Is the marriage worth saving? If so, you might consider MC. If not, the sooner you have the talk with your W the better. No one can tell you what to say or how to say it, but if there really is no hope - don't beat around the bush. Just tell her what you have told us here and have done with it.


----------



## Rowan (Apr 3, 2012)

Having read your other thread in Considering Divorce or Separation, I would say you just need to sit her down and have a calm talk with her. I would not wait for a fight to do it. Tell her you think it best for both of you to divorce and that you'd like it to be as amicable as possible. Then just go ahead and file the papers to get the divorce started. And try to actually keep things amicable.

You want to cheat or have an open marriage, your wife is "paranoid" about you possibly cheating, your marriage is combative and difficult, you don't seem willing to actually commit to your marriage, and you have a serious disconnect in what each of you thinks a marriage should look like. Plus, you're less than 3 years into the marriage, which means that all this has happened in what should have been the "honeymoon" stage. Time to get out now with as little hardship for everyone as possible. Divorce will be painful now, but putting it off again and again will only create more hurt and anger, rather than less.


----------



## Mr The Other (Feb 1, 2014)

KookedFish said:


> While I've had several talks with my wife about what we should do about our marriage...everything from being in an open one to getting a separation or divorce, no one has made an official move. I really love and care for her, but feel like I'm missing out on life, happiness and just being "me", not to mention live without the fighting and accusations.
> 
> It's been good recently, and usually I wait till after a big fight to talk about separating, but I'm wondering If I should just get it over with without a fight to back me up.
> 
> How did you approach your wife about separation/divorce...how did she take it, and how did you feel? Naturally I feel terrible...too terrible to just tell her I'm moving out and get on with it. A part of me wonders if I'll regret it.
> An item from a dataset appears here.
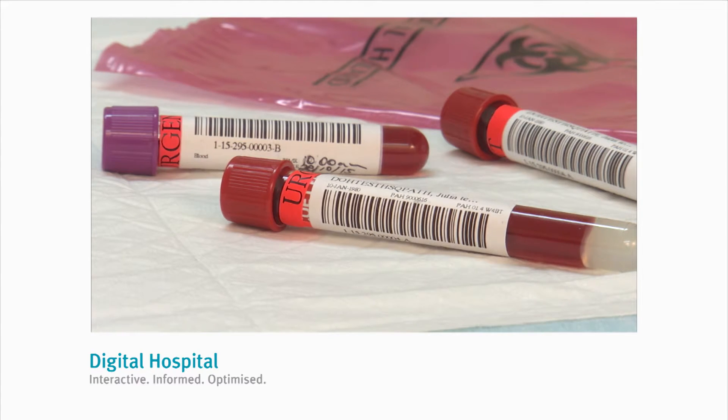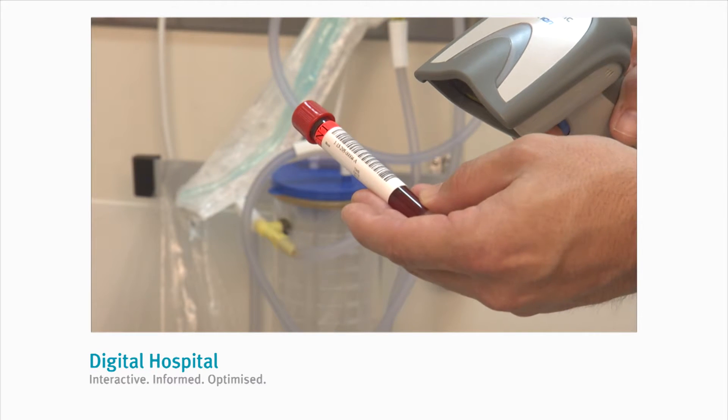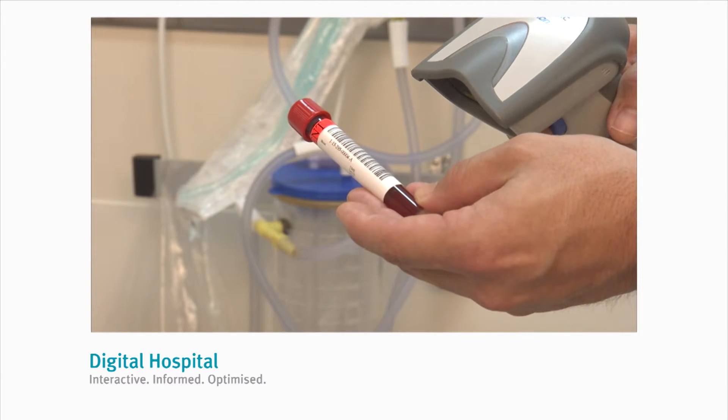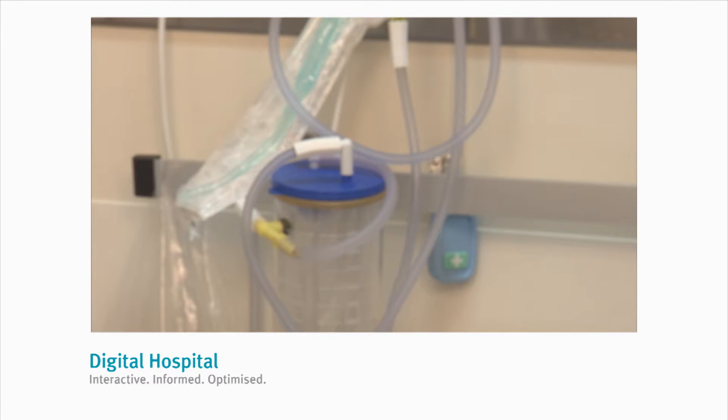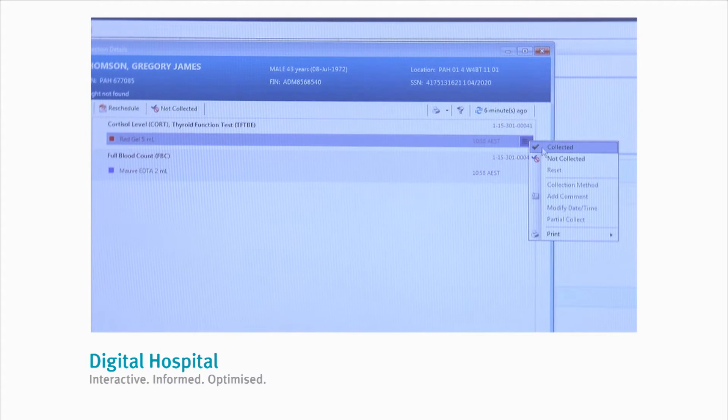Once you've collected the tubes and applied the labels, you can scan each tube with the barcode scanner, which will mark each container as collected in the system. If you don't have a barcode scanner, you can click on the drop-down box to the right of the container and mark each tube as collected manually.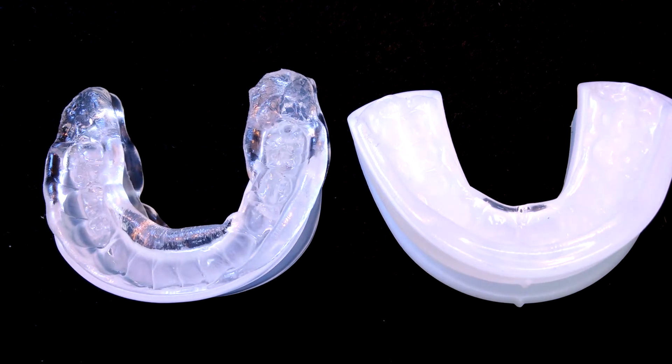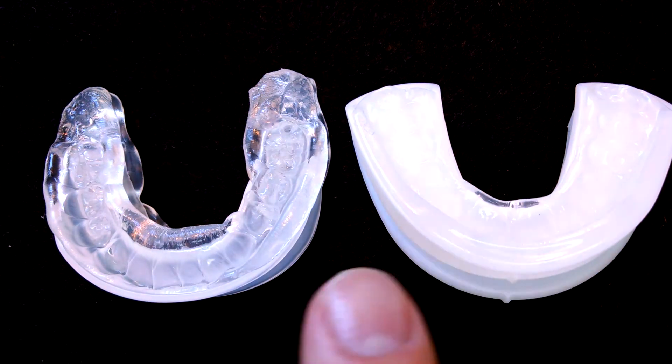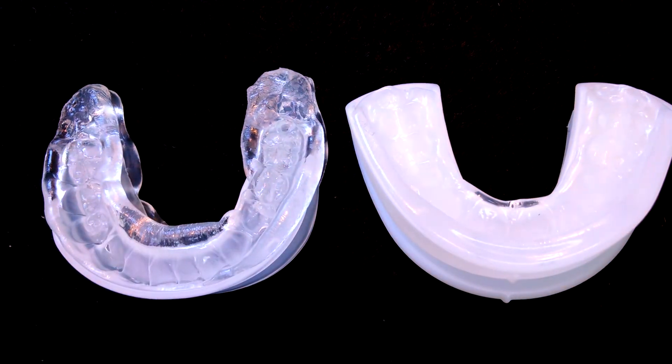Hey everyone, Bob Thomas from snorermouthpieceguide.com. Today I'm going to do a comparison video between the Sleep Pro Contour over here on the right and the PureSleep on the left. Both products are mandibular advancement devices, they're both designed to prevent snoring. Each one has its own unique features, so I'm going to show you those features and then we'll put them side by side and compare the two.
I have no answers but sympathise. 

We have had two recent conversations where she told me that if I want kids or someone who gets a job (she wants to go to college first), then it will have to be another woman. 

Fair enough then.

With the pressure of having the marriage work off my shoulders, we are getting on better.

That said, I am seeing a lawyer first.


----------



## KookedFish (Sep 29, 2013)

I feel like I'd rather separate than divorce. It's crazy how much our parents affect us in this arena. Both my parents are divorced multiple times, and hers just separated after years and years. 

I grew up thinking I'd never marry but wanted to try, and it was the happiest day of my life when we read those vows. Soon after the very short Honeymoon Phase, our relationship turned much worse than when we were dating or engaged. Basically marriage ruined our relationship, or at least amplified the pre-existing problems.


----------



## PBear (Nov 16, 2010)

What would the point to separating be, instead of getting divorced? Most likely, you'll go off and get some strange, which will make reconciling impossible anyway. Plus the divorce will take weeks/months anyway...

C
_Posted via Mobile Device_


----------



## cons (Aug 13, 2013)

OP-

You are a renter! Just when your perceived value of marital stock falls (left the honeymoon stage)...you want to drop it...

Be respectful and at least hold onto some integrity and file for divorce.


----------



## Rowan (Apr 3, 2012)

All a separation will do is allow you to keep your wife waiting in the wings as a backup plan, just in case you ever decide you actually want to be a husband to her at some point down the road. I seems you want to be free to sleep with other people, while keeping your marriage as a possible option, leaving your wife in separation-limbo. That's selfish and self-serving of you. So divorce and free both of you to move on with your lives.


----------



## Code-Welder (Dec 17, 2012)

KookedFish said:


> I feel terrible...too terrible to just tell her I'm moving out and get on with it. A part of me wonders if I'll regret it. .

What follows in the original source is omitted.